Fig 3. Forest plots of the total number of lymph nodes harvested in groups.
(Experimental = Carbon nanoparticle group, Control = Blank or methylene blue group, Total = total number of LN harvested, Mean = the average number of LN harvested in each patient, SD = Standard deviation).
Fig 4. Forest plots of the total metastatic rate of lymph nodes harvested in groups.
(Experimental = Carbon nanoparticle group, Control = Blank or methylene blue group, Total = total number of LN, Events = the number of LN with metastasis).
Parathyroid gland protection
A fixed-effects model was used to analyze the data (P = 0.89, I2 = 0%). After analyzing the accidental removal of the PGs using 23 eligible studies, we found that the possibility of accidental PGs removal was decreased by 30% in CNs group compared with control group (OR = 0.28, 95% CI = 0.21 to 0.37, P<0.01, Fig 5).
Fig 5. Forest plots of accidental parathyroid removal rate in groups.
(Experimental = Carbon nanoparticle group, Control = Blank or methylene blue group, Total = The number of patient, Events = the number of parathyroid glands removed accidentally).
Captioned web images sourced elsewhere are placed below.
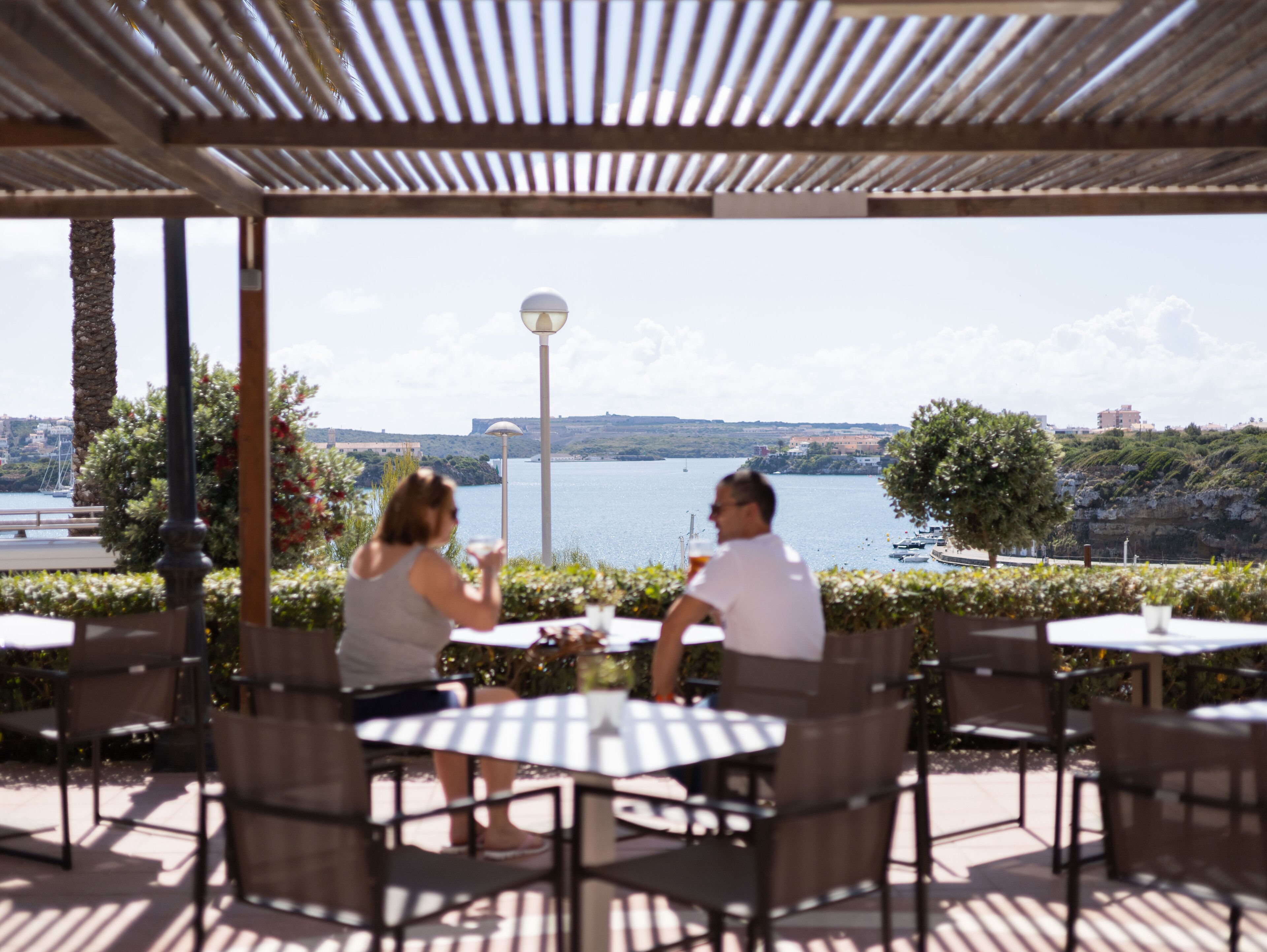 An outdoor patio with tables and chairs, overlooking a body of water and a distant landscape.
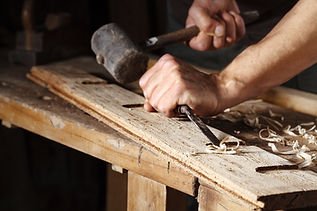 Hands using a wooden mallet and chisel to carve a decorative groove in a wooden plank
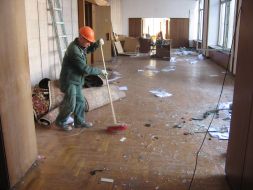 A janitor sweeps glasses of the broken windows in the Moldavia parliament building raided hall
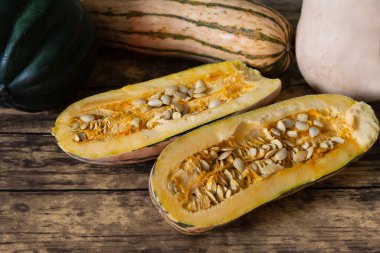 Üç çeşit kış kabağı, Delicata Kabağı, meşe palamudu ve tereyağı kabağı, narin kabak ikiye bölünmüş, bir açıdan bakıldığında, ahşap masa üzerinde.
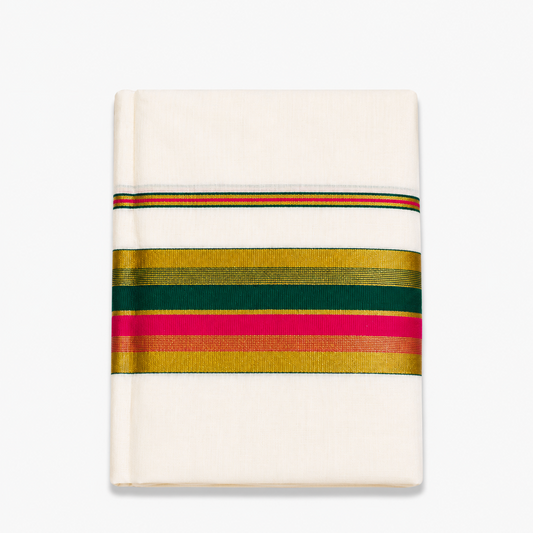 close-up folded view of an off-white Kerala cotton kasavu set mundu centered on a solid white background, displaying horizontal metallic gold zari bands interwoven with vibrant pink and deep green border stripes. Available in the UK at theindianshelf.co.uk.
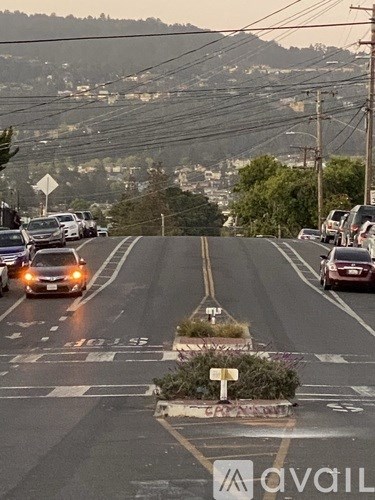 Cars are driving on a road with a crosswalk in the middle.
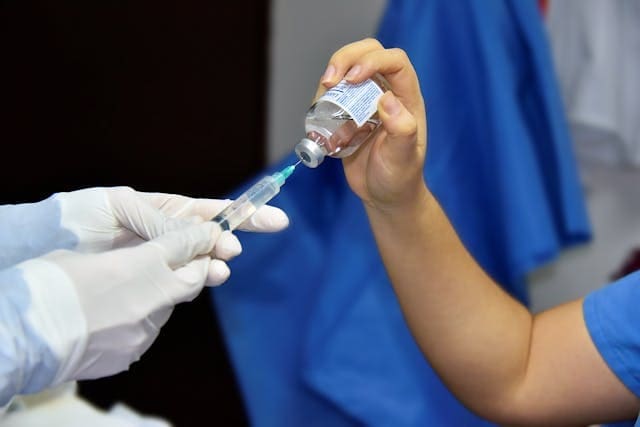 A close-up of a medical professional's gloved hands drawing clear liquid from a glass vial into a syringe for a treatment session.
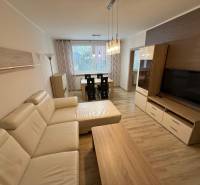 Wohnzimmer mit Holzboden, großem Sofa und Esstisch in einer 3-Zimmer-Wohnung.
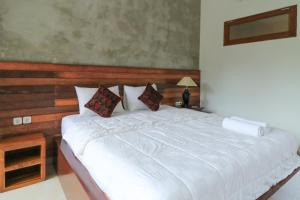 Postel nebo postele na pokoji v ubytování Yuliati House Ubud
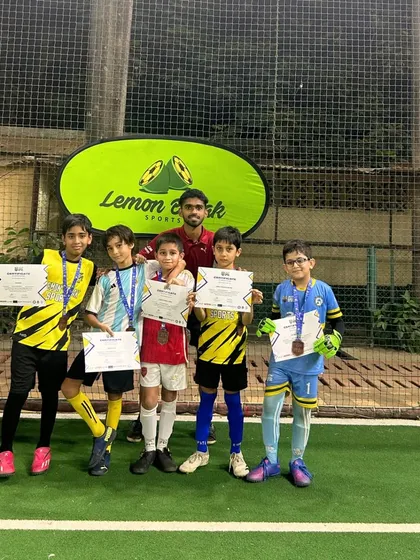 Our U-9 team proudly showing off their medals and certificates after participating in a local league. We believe in celebrating participation and the courage to compete.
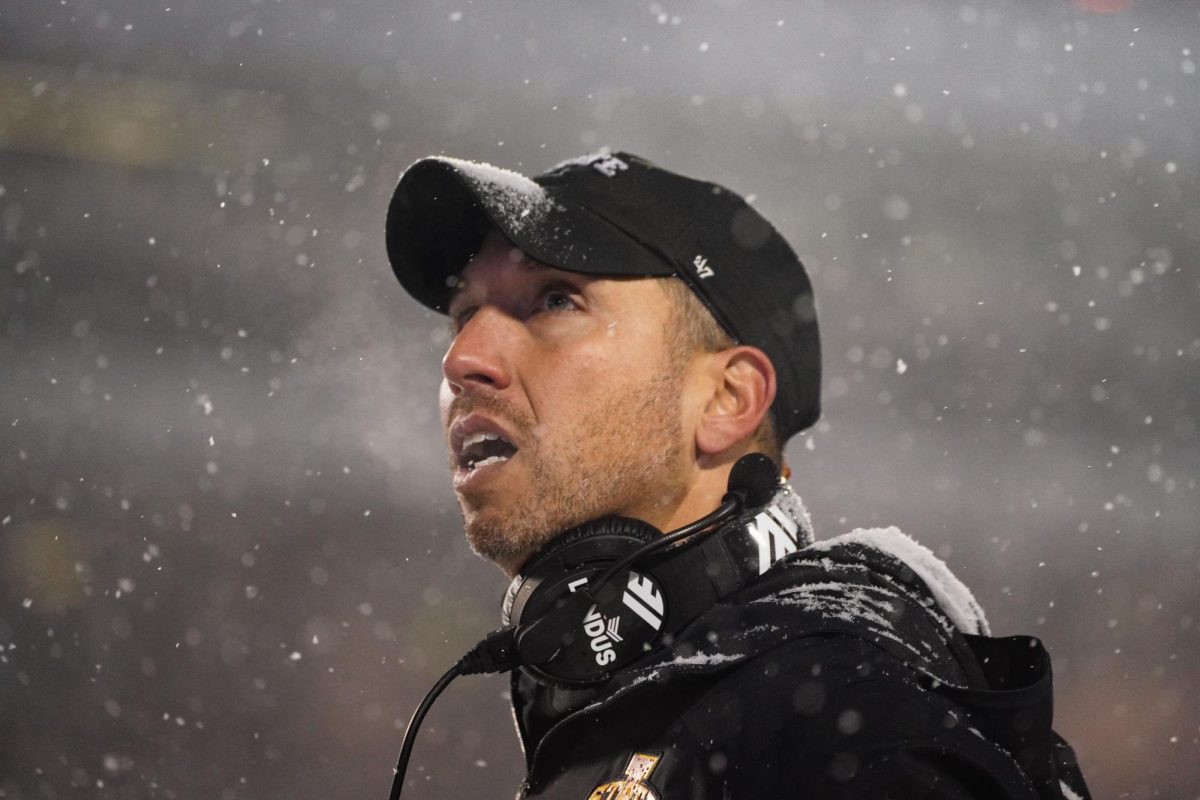 Head coach Matt Campbell watches a replay on the video board after a flag was put on Iowa State during the Iowa State vs. Kansas State football game at Bill Snyder Family Stadium on Nov. 25, 2023 in Manhattan, Kansas.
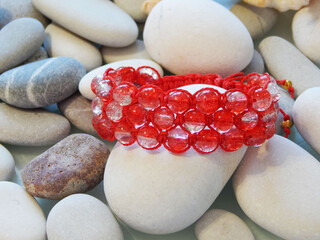 Red friendship bracelet on stones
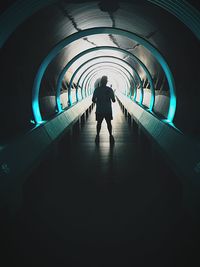 Rear view of man standing in tunnel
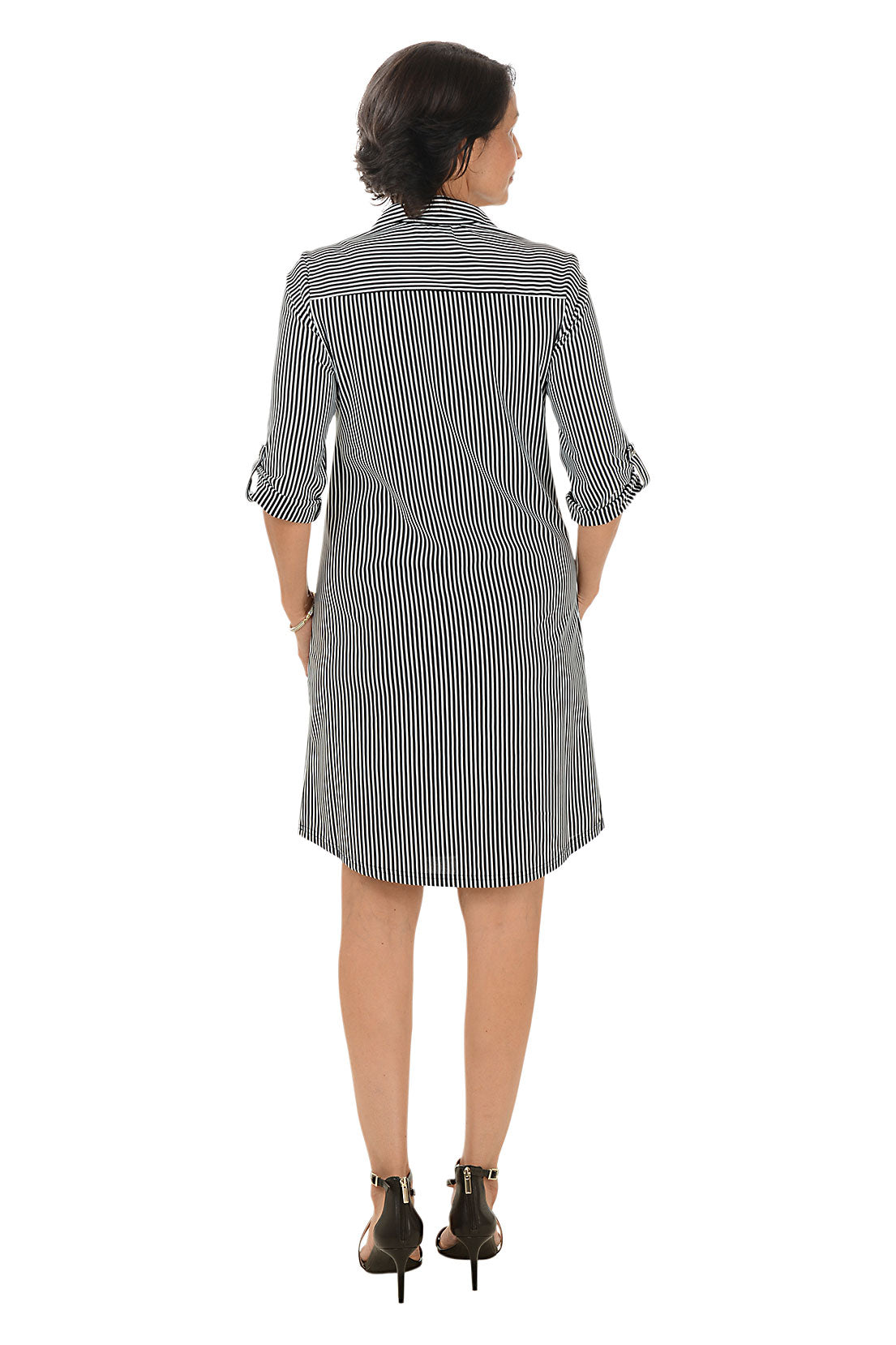 Woman wearing a black and white stripe dress on a white background. Back shot.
The overall postoperative transient hypoparathyroidism data were available in 16 studies. A random-effects model was used, P<0.04, I2 = 42%), and subgroup analysis of transient hypocalcemia was possible 15 studies (A random-effects model was applied, P<0.08, I2 = 36%). Data analysis showed that the application of CN decreased the rate of both postoperative transient hypoparathyroidism and transient hypocalcemia equally by 46% (OR = 0.46, 95% CI = 0.33 to 0.64, P<0.01, Table 2, Fig 1 in S2 File; OR = 0.46, 95% CI = 0.33 to 0.65, P <0.01, Table 2, Fig 2 in S2 File). A random-effects model was applied to our data (P = 0.44, I2 = 0%), and 7 studies had a followed-up time of at least 6 months, thus the data of permanent hypocalcemia were analyzed. No significant difference concerning permanent hypocalcemia was found between the CNs group and control group (OR = 0.55, 95% CI = 0.09 to 3.43, P = 0.52, Table 2, Fig 3 in S2 File).
Table 2. Summary for subgroup analysis in the meta-analysis.
| Subgroup analysis | Studies | Experiment (n) | Control (n) | OR | I2(%) | P |
|---|---|---|---|---|---|---|
| The number of LN harvested | 21 | 1323 | 1572 | (WMD)2.36 | 97 | <0.01 |
| The metastatic rate of LN | 18 | 1208 | 1469 | 1.07 | 96 | 0.71 |
| Accidental parathyroid gland removal | 23 | 1326 | 1418 | 0.3 | 0 | <0.01 |
| Transient hypoparathyroidism. | 16 | 1017 | 1275 | 0.46 | 42 | <0.01 |
| Transient hypocalcemia | 15 | 881 | 1147 | 0.46 | 36 | <0.01 |
| Permanent hypocalcemia | 7 | 590 | 840 | 0.50 | 0 | 0.45 |
| Reoperation transient hypoparathyroidism | 2 | 91 | 79 | 0.21 | 25 | 0.02 |
| Reoperation accidental PGs removal | 2 | 91 | 79 | 0.21 | 0 | 0.004 |
CNs application during reoperation
Two out the 25 included studies focused on reoperation thyroidectomy. Subgroup analysis of the data using a random-effects model demonstrated that the use of CNs significantly reduced the postoperative transient hypoparathyroidism rate by 21% (OR = 0.21, 95% CI = 0.06 to 0.75, P = 0.02, Table 2, Fig 4 in S2 File), and the possibility of accidental PGs removal was decreased by 21% (OR = 0.21, 95% CI = 0.07 to 0.62 P = 0.004, Table 2, Fig 5 in S2 File).
Discussion
Protection of the PGs and the recurrent laryngeal nerves are important techniques related to thyroidectomy, particularly total thyroidectomy combined with CND or reoperation thyroidectomy. Anatomically, the location of PGs, particularly the lower two, are variable, which results in a high risk of being accidentally removed during surgery [38]. Removal of all PGs inevitably leads to transient or permanent hypoparathyroidism and hypocalcemia, which has an adverse impact on the quality of life of the patients. Exposure and identification of the PGs intraoperatively facilitates preservation of the PG function. In addition, PTC has a trend of involving youngers and the 5-year survival rate is reported up to 98% [1]. As a result, omission of micro-metastases of the central compartmental lymph nodes may lead to reoperation, which may subsequently increase the incidence of complications and mortality. Therefore, effective techniques are urgently needed to improve the thoroughness of CND while preserving the PGs, particularly for reoperation.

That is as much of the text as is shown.